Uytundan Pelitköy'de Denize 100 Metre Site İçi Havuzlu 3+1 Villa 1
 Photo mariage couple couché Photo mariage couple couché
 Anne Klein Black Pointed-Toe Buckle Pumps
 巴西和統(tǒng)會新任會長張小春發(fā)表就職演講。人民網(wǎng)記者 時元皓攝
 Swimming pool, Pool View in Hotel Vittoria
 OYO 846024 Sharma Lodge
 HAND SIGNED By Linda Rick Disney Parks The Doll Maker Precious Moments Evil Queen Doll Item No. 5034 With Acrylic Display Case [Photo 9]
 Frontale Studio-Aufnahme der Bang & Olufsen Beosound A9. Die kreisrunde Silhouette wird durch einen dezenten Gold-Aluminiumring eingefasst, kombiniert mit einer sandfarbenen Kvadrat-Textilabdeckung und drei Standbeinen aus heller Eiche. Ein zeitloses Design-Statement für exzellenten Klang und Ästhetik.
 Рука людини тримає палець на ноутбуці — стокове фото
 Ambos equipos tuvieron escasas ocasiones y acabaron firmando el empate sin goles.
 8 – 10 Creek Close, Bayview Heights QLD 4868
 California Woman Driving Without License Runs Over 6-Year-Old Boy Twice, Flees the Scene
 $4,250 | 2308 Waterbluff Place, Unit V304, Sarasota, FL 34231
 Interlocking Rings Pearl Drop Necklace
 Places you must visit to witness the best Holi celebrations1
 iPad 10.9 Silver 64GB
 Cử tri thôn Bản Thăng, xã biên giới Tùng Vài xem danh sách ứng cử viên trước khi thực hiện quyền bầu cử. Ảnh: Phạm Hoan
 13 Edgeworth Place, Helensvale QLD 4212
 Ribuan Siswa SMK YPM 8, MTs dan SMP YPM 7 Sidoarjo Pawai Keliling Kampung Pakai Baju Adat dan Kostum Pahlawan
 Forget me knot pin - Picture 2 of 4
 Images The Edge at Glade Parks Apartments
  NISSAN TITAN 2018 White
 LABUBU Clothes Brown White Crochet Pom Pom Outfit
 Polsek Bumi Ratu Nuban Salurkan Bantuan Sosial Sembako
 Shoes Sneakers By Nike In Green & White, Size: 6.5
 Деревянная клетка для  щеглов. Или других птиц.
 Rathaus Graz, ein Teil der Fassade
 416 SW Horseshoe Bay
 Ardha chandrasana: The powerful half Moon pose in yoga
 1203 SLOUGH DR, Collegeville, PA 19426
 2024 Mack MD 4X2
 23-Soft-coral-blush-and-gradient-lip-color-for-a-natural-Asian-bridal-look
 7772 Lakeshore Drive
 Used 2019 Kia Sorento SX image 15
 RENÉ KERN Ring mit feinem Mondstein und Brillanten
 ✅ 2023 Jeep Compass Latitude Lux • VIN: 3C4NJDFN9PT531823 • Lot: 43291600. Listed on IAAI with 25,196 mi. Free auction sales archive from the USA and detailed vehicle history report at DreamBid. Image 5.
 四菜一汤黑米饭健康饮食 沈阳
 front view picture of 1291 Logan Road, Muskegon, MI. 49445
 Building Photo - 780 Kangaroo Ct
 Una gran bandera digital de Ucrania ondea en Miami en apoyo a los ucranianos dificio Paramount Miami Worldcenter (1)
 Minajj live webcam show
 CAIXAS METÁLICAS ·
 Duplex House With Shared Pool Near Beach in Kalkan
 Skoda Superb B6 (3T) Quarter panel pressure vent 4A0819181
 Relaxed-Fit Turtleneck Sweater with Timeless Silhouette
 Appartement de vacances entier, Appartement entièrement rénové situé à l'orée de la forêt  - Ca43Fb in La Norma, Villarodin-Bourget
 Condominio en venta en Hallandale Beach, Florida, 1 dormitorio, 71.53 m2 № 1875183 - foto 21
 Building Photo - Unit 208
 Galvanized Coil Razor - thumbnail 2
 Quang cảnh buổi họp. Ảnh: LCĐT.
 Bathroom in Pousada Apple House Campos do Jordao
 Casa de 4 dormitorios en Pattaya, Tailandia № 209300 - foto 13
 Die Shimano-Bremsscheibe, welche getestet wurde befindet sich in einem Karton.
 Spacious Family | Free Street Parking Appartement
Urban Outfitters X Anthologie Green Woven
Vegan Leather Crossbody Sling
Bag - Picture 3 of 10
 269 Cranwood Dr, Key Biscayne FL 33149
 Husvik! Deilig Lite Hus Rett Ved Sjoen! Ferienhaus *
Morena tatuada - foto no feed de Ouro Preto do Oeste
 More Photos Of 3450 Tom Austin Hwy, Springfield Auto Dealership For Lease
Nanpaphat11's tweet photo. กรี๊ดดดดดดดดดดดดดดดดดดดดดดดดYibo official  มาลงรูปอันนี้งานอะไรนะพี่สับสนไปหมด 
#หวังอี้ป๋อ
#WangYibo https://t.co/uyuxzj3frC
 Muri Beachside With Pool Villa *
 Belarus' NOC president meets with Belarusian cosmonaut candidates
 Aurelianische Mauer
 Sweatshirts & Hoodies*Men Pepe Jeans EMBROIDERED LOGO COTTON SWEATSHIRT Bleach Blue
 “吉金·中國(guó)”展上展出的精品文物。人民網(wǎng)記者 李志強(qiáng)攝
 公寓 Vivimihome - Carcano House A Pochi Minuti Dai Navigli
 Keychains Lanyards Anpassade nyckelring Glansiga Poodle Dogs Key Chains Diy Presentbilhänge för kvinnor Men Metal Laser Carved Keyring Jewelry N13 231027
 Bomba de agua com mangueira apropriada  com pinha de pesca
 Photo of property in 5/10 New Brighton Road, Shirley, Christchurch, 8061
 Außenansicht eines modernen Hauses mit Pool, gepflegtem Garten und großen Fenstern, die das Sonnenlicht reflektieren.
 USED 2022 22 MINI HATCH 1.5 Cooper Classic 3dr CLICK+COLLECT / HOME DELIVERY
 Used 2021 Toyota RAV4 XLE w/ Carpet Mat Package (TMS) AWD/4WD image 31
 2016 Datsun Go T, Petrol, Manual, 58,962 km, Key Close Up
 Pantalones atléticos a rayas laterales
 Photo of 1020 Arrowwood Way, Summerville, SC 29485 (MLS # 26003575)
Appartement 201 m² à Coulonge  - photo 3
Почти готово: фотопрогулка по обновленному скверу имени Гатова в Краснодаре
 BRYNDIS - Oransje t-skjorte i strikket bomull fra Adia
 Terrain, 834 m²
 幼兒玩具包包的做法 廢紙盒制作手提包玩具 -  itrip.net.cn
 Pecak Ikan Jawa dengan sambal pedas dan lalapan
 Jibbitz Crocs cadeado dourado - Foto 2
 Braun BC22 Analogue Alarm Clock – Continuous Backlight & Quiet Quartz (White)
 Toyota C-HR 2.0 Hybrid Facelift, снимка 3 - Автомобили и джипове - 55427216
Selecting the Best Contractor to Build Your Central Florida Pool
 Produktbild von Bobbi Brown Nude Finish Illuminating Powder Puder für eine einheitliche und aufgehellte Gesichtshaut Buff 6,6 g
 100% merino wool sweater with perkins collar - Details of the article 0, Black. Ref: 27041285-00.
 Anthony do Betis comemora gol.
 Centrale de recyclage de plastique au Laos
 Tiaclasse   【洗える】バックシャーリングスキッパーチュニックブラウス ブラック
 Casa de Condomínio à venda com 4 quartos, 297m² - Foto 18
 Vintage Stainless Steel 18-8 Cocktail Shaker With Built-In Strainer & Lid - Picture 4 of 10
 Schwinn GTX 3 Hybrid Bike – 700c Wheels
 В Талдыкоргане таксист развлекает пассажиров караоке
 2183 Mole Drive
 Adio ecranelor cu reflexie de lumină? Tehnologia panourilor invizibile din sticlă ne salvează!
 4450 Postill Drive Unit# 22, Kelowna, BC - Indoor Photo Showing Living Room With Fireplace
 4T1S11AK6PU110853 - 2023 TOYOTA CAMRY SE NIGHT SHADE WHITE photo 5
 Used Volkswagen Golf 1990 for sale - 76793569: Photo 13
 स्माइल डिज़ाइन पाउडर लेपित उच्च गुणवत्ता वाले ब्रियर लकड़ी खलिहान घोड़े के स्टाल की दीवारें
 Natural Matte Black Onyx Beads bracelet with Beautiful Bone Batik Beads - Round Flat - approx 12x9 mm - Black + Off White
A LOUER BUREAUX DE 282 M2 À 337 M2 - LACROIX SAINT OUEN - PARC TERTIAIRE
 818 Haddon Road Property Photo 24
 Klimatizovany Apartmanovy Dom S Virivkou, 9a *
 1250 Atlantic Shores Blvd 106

INSTRUCTIONS TO FOLLOW →
When you have gone through the records above, say how many lines include the word "Florida", and write nothing besides that number.

THE ANSWER →
2